We are also finding that results from modest and targeted deployments of AI can yield tremendous gains for archives like ours. On a very basic level, current LLMs far outperform older OCR software packages for text recognition. The context-sensitive and predictive language mechanisms built into LLMs output the text from old pressbooks with tremendous accuracy. You can see the examples below, which compare the LLM Chandra model against the older effOCR software package on a volume available in the MHDL’s Pressbooks Collection. For those of us who developed the Lantern search engine—and I suspect most researchers who use it—the difference and improvement is remarkable.

How else can AI help with the research process into film history? For Project Ballyhoo, Ben, Sam, Kallan Benjamin, and I have been using those fine-tuned pressbook segments to look for instances in which American newspapers reprinting the pre-written publicity stories served up to them by Hollywood publicists (via local movie theater managers). We have found many, many such instances. As we will be discussing more in a forthcoming publication, we have found that the pressbook text generally appeared in newspapers alongside advertisements for the same movie, from the same pressbook. Below are examples from Gold Diggers of 1933. Whether one wants to label it a quid pro quo, or an extension of the advertising itself, many exhibitors expected, and received, “news” coverage when they purchased an advertisement. Despite codes of journalistic ethics that mandated the separation of news and advertising, many publishers sold the two together to exhibitors, part and parcel.
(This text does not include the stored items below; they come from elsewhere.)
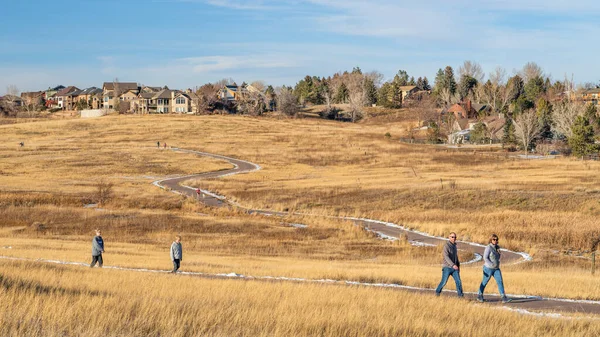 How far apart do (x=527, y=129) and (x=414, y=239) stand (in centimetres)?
7583

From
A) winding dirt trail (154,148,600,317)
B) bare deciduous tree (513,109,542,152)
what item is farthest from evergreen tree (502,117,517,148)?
winding dirt trail (154,148,600,317)

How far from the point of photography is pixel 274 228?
53.1 m

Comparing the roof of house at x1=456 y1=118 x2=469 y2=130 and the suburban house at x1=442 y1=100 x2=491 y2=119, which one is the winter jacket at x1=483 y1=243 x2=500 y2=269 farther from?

As my team and I continue to explore the reprinting of pressbooks in newspapers, we have had to do so with drastically fewer resources due, in part, to a poorly conceived and highly destructive deployment of AI. Project Ballyhoo holds the peculiar distinctions of being one of the last projects to ever receive a NEH Digital Humanities Advancement Grant—conferred in January 2025, terminated three months later by DOGE and the acting NEH chairman. We joined the lawsuit led by the ACLS, AHA, and MLA to restore the funding for two grants that had been revoked from the WCFTR and hundreds of other organizations across the country. We are proud that our work received specific praise in a federal judicial decision last July that deemed the grant terminations “unlawful”—a conclusion that was reaffirmed and elaborated upon a few weeks ago in a second ruling.

As the New York Times has reported in depth, one of the things that the litigation’s deposition and discovery process revealed was that the DOGE staffers used a ChatGPT prompt to assess, target, and de-fund projects. DOGE pointed ChatGPT toward a folder of project abstracts and offered the prompt: “Does the following relate at all to D.E.I.? Respond factually in less than 120 characters. Begin with ‘Yes’ or ‘No.’” In a memorable moment from the depositions that has now become something of an Internet meme, one of the DOGE staffers struggled to define D.E.I. when asked explain to what it was.

This use of AI—and the larger demolition of a once great NEH—is infuriating and wrong for so many reasons. To try to keep this blog post on topic, however, I will simply point out one reason: chatbots should not be making conclusions, let alone consequential decisions, for questions that center on Humanistic inquiry. AI can improve the searchability of collections. AI can recognize patterns in those collections, helping us find needles in haystacks. But it requires humans to determine the meaning—to assess what all of those needles and haystacks tell us that is interesting and new, and why any of them should matter to us at all.

With all of this in mind, we at the WCFTR will continue to explore the possibilities of AI for archives. Thoughtfully and responsibly. Prepared for more breakdowns and breakthroughs. And holding onto those most human qualities of all: creativity, community, and resiliency.